Ever since then I’ve hated myself for looking for these younger images. What I looked for may have been legal but it led to something I could not un-see. They led me down the rabbit hole and what was to be found was disgusting. I was right to call pornography and masturbation disgusting because it was for the most part. Conventional porn is acceptable, but the periphery and fringes of what others call arousing was an eye-opener (and consequently a few seconds later an eye-closer). I have struggled with this truth for a long time. I have never told anybody about falling victim to finding this. I have also never told anybody about this later event…
As I grew into 14 years of age, still images weren’t enough. I wanted moving pictures, and so through persuasion and perversion a woman of adult age had enticed me with lies about her age. She wanted me to strip on my webcam for her in exchange for images. As my pants dropped, so did the proverbial ball. The webcam was switched off just as swiftly as I’d closed the filth that had scarred me previously. I had realised what this woman was doing and what had happened to me.
Yet don’t believe this to be a blog centred around bullying or explaining that I am a victim. These are not my intentions. They are merely my beginnings. As I look back on these years I begin to take inventory. I did not have many friends at all. The friends I did have were different from everyone else. In catholic schools full of white children my friend would be the indian boy who had just joined. My grades were average toward my exit and my time in college was a failure. I had been questioned and poked and prodded and examined to determine my IQ and my diagnosis.
They found no mental ill-health, no learning disability and a high IQ. What they wouldn’t admit to was the boy they found. Abused by my classmates via bullying; abused by my teachers via calling me a disruption and removing me from a class I might otherwise enjoy; abused by the perversions of others being placed upon my shoulders.
I was born blue into a plain white world, with a grey sky, and black uniforms. Now I am my own person. I have suppressed my emotions and repressed my memories. While these days I am running with the crowd I now find myself looking at who I am as a wholly different being. I have the empathy of a bullied child; the scars of a teenage victim of paedophilia; and the good sense of a man borne of self-pity and regret. I look at the world and laugh.
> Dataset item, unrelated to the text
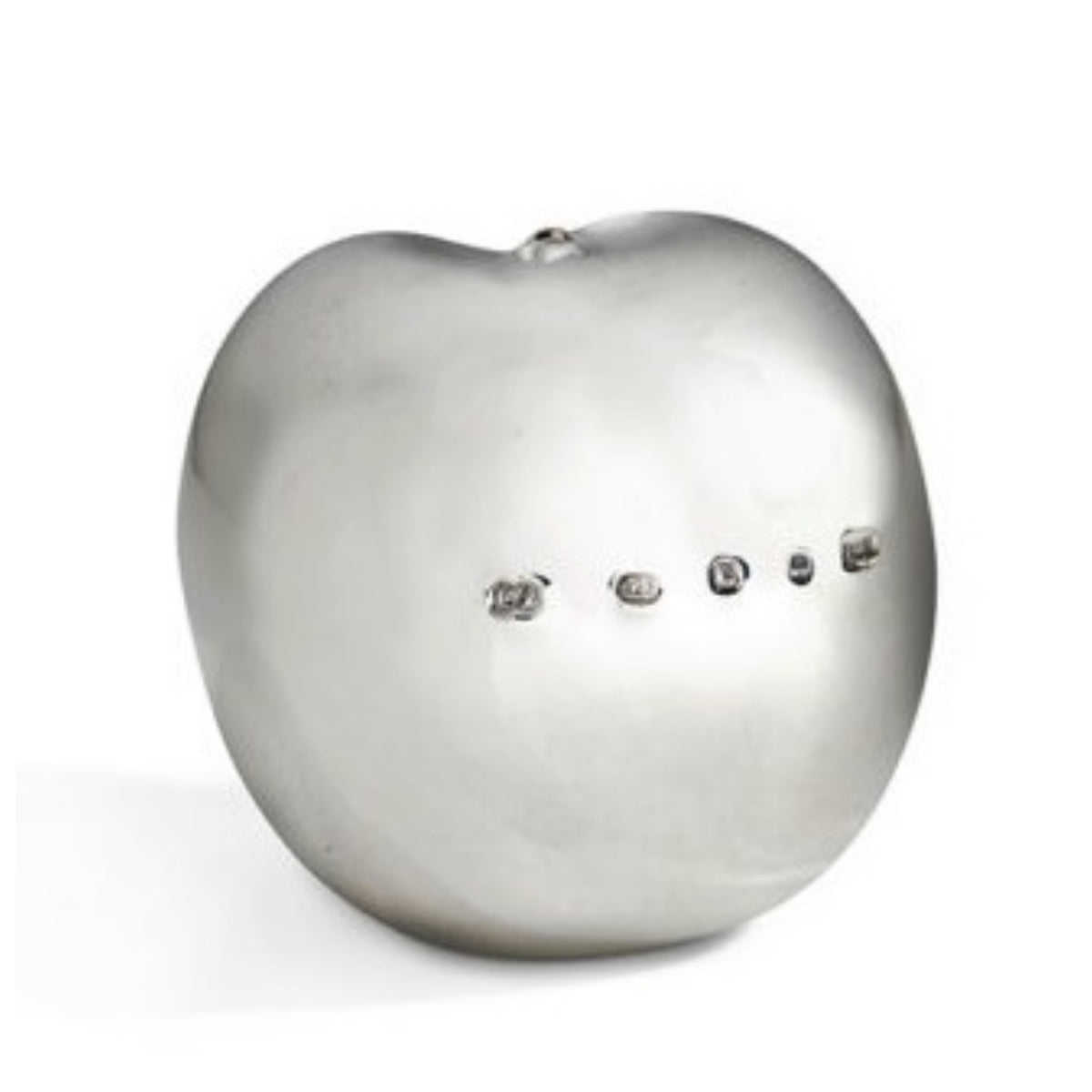 Sterling Silver Peach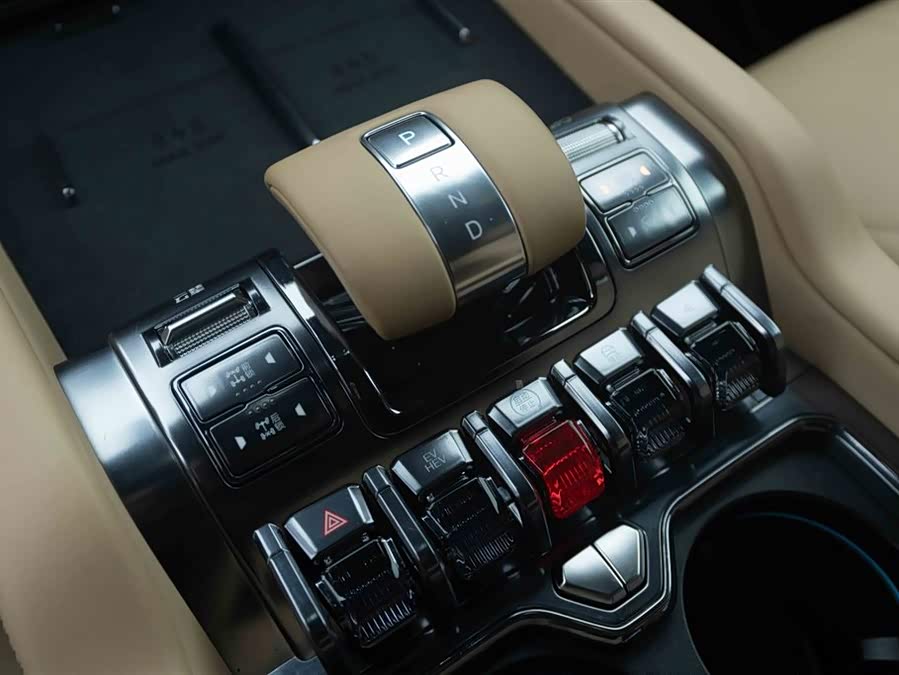 FangChengBao Leopard 8 2024 #10 FangChengBao Leopard 8 2024 car image #10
When your whole life has been the butt of another’s joke, the arousal to another’s monster, and the bag for everyone’s punch, what do you become?
You become whoever and whatever you want to be. If they decided the rules of a normal life don’t apply to you, then become exceptional. Be the man who sees the tears someone is holding back. Be the person who can listen to the words not being said. Be the human who can hold something fragile in their hands and not crush it for pure pleasure. Be the best that you can be, because for all your flaws you can create something wonderful. Life is filled with rules and norms for people to conform to. Don’t let selfishness be the instrument you play best.